Feature Request: Optimize Table Structure in Document Parsing for Better Token Efficiency

Currently, parsed documents containing tabular data (e.g., reports) are chunked and stored as raw HTML <table> elements. While this approach faithfully preserves complex table structures (e.g., merged cells, nested headers), it results in low data density—most tokens are spent reconstructing HTML markup rather than conveying actual content.
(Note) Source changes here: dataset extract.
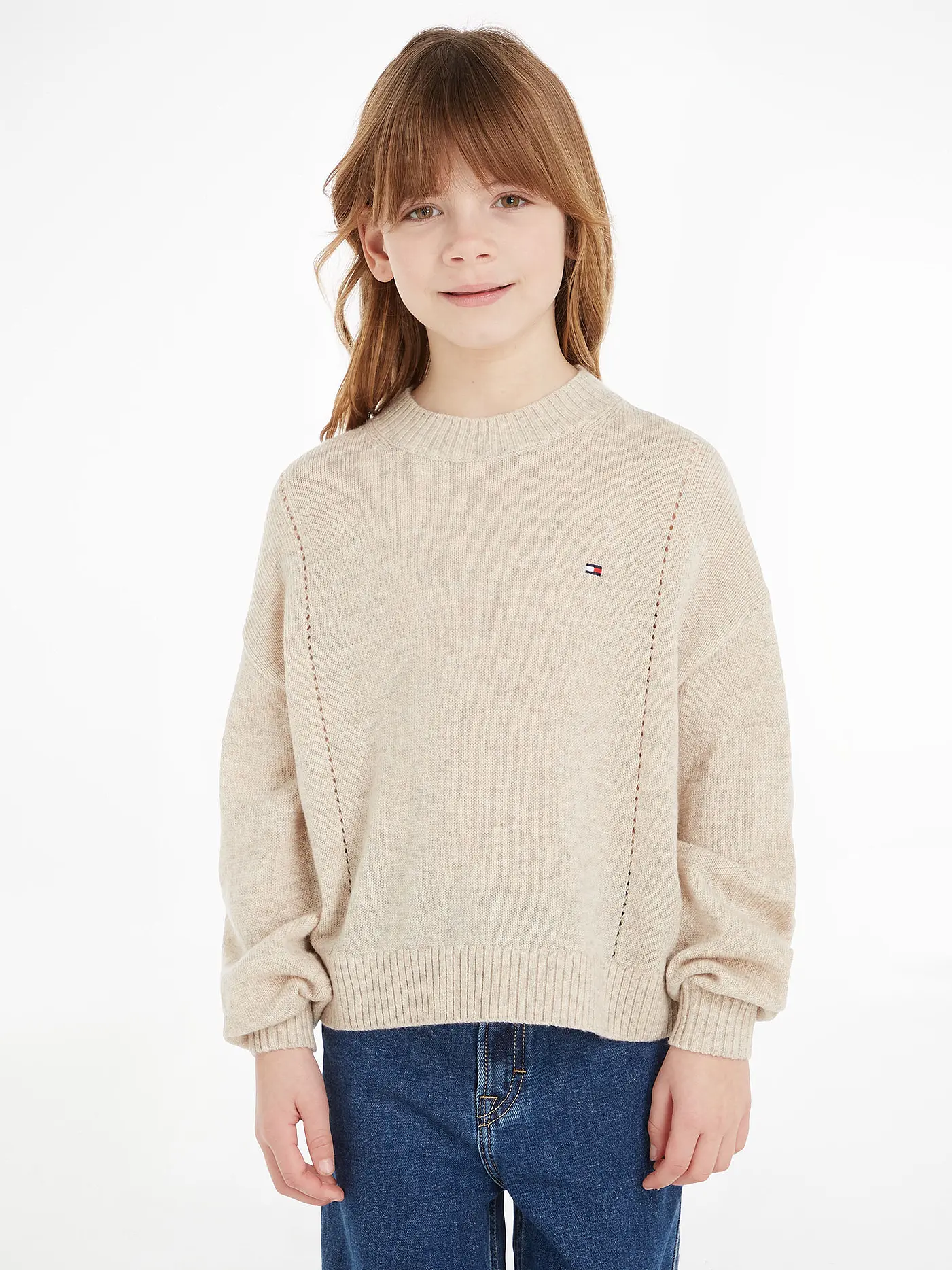 TOMMY HILFIGER | Mädchen Pullover | beige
This introduces significant noise, especially for simple two-dimensional tables that could be more efficiently represented in denser formats like CSV or Markdown tables.

Proposal:

Introduce intelligent table serialization during document parsing:

For simple 2D tables (no merged cells, consistent structure): convert to a compact format such as CSV or Markdown to improve token efficiency and reduce noise.
For complex tables (merged cells, irregular layouts): retain HTML representation or explore alternative structured representations that balance fidelity and density.
This would allow the system to adapt its output format based on table complexity, optimizing downstream processing (e.g., LLM consumption, embedding, retrieval) without sacrificing the ability to handle sophisticated layouts.

We’d appreciate community input on strategies for detecting table complexity and alternative compact representations for non-trivial tables.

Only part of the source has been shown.